External fields enhanced glycerol pretreatment of forestry waste for producing value-added pyrolytic chemicals

摘要

Softwood forestry waste is an abundantly available lignocellulosic feedstock which could be converted into value-added chemicals via fast pyrolysis. However, its prominent recalcitrant nature resulting from the tightly intertwining of cellulose, hemicellulose and lignin as well as the catalytic effect of alkaline and alkaline earth metals (AAEMs) in it make the valorization of target pyrolytic chemicals particularly challenging. Glycerol pretreatment is a novel process to disrupt the recalcitrant structure of lignocellulose by separating it into three fractions. However, pretreatment effect from conventional heating assisted glycerolysis is poor due to low heat transfer. Introduction of external fields such as ultrasonic and microwave radiation could effectively improve the pretreatment effect. Microwave heating enabled better pretreatment effect than conventional oil bath heating due to its rapid heat transfer and athermal effect.
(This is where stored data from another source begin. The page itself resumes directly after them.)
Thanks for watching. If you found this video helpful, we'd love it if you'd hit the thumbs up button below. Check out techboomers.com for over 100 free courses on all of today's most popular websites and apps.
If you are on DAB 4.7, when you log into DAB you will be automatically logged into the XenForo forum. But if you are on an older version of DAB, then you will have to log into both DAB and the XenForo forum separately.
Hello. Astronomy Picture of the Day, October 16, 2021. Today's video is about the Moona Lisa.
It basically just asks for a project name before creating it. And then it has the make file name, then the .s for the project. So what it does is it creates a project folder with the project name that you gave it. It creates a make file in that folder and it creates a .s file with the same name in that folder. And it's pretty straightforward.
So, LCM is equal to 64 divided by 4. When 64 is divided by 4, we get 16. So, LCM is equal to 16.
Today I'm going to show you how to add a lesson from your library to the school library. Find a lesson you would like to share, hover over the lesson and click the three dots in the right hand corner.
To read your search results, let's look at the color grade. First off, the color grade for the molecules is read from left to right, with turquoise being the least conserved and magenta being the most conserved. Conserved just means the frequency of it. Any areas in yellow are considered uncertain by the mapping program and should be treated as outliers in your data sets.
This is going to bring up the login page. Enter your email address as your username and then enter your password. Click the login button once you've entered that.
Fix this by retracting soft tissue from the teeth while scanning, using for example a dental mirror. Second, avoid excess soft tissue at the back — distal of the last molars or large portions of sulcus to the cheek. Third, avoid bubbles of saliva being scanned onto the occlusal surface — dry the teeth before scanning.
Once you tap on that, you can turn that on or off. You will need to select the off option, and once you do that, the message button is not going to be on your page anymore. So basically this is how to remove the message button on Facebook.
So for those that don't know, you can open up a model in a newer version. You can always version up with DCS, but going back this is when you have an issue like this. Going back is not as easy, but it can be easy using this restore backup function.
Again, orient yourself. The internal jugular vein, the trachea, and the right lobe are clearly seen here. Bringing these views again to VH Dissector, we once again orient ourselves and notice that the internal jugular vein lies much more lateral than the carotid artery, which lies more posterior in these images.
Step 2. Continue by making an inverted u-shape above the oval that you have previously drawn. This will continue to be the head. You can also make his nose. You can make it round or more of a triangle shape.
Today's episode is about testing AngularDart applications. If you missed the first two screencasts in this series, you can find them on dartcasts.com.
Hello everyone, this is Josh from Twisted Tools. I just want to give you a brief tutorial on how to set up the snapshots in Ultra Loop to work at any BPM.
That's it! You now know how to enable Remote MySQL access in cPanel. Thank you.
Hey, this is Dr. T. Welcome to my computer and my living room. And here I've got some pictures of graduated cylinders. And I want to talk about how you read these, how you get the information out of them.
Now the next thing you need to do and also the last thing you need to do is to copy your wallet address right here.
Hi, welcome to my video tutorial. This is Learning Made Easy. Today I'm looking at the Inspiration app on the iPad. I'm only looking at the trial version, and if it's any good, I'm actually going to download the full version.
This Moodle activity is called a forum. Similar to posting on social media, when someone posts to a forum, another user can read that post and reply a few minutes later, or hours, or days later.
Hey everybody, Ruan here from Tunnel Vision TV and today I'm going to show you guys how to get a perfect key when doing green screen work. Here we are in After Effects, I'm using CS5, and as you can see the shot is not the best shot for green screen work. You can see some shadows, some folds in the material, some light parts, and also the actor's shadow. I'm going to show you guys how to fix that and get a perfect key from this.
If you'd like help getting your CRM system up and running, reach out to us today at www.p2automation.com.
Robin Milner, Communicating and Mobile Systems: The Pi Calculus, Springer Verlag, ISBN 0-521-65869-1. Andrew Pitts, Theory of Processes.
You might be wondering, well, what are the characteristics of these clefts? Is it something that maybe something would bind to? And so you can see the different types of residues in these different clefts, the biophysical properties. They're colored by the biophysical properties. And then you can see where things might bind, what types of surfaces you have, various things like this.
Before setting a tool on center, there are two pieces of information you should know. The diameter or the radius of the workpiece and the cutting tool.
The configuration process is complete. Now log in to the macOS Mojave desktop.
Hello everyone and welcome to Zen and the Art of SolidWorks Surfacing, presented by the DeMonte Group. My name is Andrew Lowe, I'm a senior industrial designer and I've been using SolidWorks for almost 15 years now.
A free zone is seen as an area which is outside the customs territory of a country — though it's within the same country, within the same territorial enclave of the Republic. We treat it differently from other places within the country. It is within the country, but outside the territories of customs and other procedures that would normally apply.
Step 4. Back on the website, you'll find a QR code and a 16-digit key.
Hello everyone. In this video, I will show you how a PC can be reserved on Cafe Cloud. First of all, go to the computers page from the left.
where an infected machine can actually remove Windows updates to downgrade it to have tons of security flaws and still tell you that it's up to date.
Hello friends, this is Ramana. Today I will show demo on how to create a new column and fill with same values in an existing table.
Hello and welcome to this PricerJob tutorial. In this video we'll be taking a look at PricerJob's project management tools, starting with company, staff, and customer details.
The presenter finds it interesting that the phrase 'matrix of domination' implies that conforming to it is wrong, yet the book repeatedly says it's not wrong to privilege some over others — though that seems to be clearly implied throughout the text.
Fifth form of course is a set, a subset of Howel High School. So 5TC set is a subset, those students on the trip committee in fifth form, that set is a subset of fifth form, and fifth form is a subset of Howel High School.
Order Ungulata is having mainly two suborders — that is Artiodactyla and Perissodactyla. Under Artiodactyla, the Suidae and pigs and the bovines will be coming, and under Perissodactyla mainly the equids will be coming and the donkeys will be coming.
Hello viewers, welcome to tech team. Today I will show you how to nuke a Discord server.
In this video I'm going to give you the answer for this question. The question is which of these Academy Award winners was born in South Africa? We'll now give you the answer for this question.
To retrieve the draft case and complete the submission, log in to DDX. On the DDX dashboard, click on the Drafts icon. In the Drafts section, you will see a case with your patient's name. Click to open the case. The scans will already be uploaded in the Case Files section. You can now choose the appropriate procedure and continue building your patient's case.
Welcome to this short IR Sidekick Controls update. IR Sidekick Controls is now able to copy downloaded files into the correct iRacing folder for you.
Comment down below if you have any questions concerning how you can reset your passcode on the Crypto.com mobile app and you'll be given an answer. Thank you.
Turbulence effects of ultrasonic radiation enhanced uniformly mixing of feedstock with glycerol, therefore further improving the pretreatment effect. The optimal glycerol pretreatment effect was realized by ultrasonic radiation integrated with microwave heating process, with pine sawdust deconstructed into 53.09 wt.% cellulose-rich fraction, 14.64 wt.% hemicellulose-derived sugars and 12.46 wt.% organosolv lignin, simultaneously removing 91.7 wt.% AAEMs. This considerably facilitated the formation of target pyrolytic chemical (levoglucosan), whilst preventing the production of undesired low molecular weight oxygenates such as acids, ketones, aldehydes. The highest yield of levoglucosan reached up to 52.07 wt.%. Kinetic analysis revealed that, higher activation energy is required for the glycosidic cleavage-based concerted reactions of cellulose into levoglucosan than AAEM catalyzed ring-breaking into light oxygenates. This work introduces an efficient method to produce value-added chemicals from forestry waste whilst reducing its hazardous impact on environment.